**Your goal**
From the line containing "JaneVini A Line" to the last line of the listing, both included, copy every line exactly and drop the pictures.

**Exercise data**
···
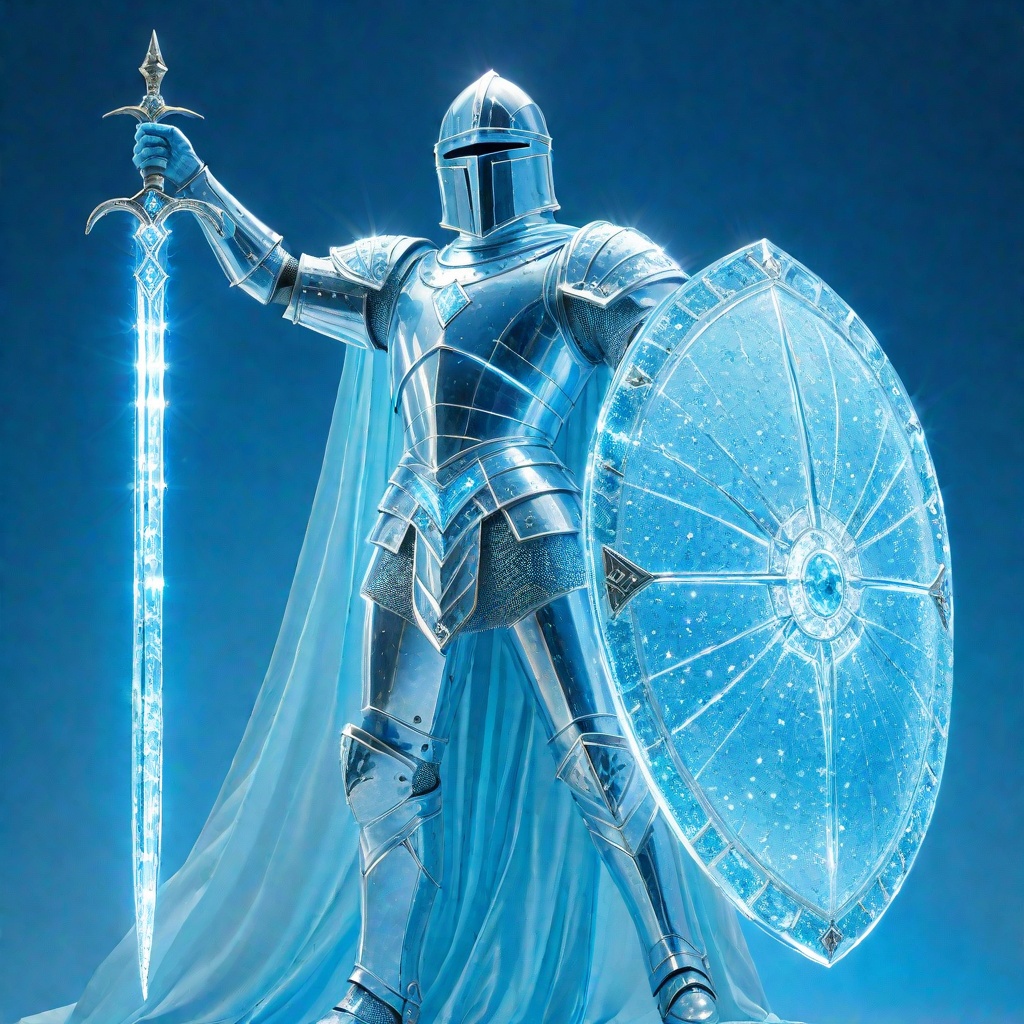 A Glorious Knight with Shield holding a fist up,  He is made of light and aquamarine blue crystal arsworldoflight on Tenso...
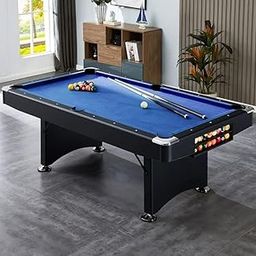 RUP 8ft 3 in 1 Folding Pool/Billards, Table Tennis Multi Game Table (All Set of accesories Included) (Black & Blue)-picture-1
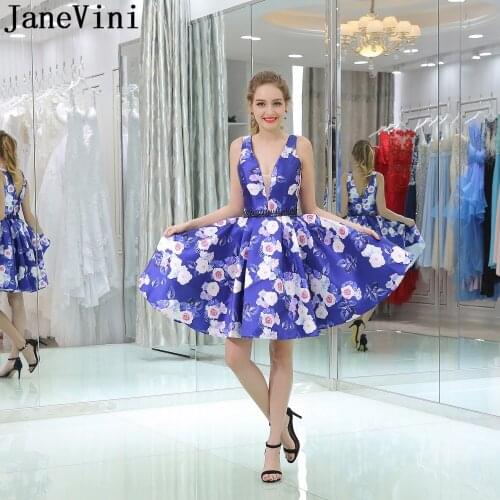 JaneVini A Line Short Homecoming Ddresses 2019 Blue Beaded Floral Graduation Dresses V-Neck Formal Gown robe sexy bleu marine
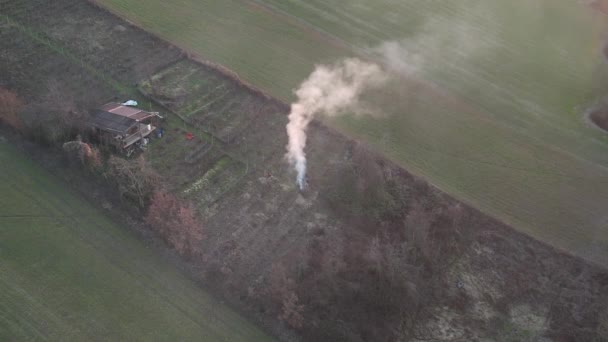 农夫在修剪完酿酒厂的葡萄树后 烧掉了树枝 日落时分 人们在田里照料着大火和浓烟 — 图库视频影像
···
**Response to this task**
 JaneVini A Line Short Homecoming Ddresses 2019 Blue Beaded Floral Graduation Dresses V-Neck Formal Gown robe sexy bleu marine
 农夫在修剪完酿酒厂的葡萄树后 烧掉了树枝 日落时分 人们在田里照料着大火和浓烟 — 图库视频影像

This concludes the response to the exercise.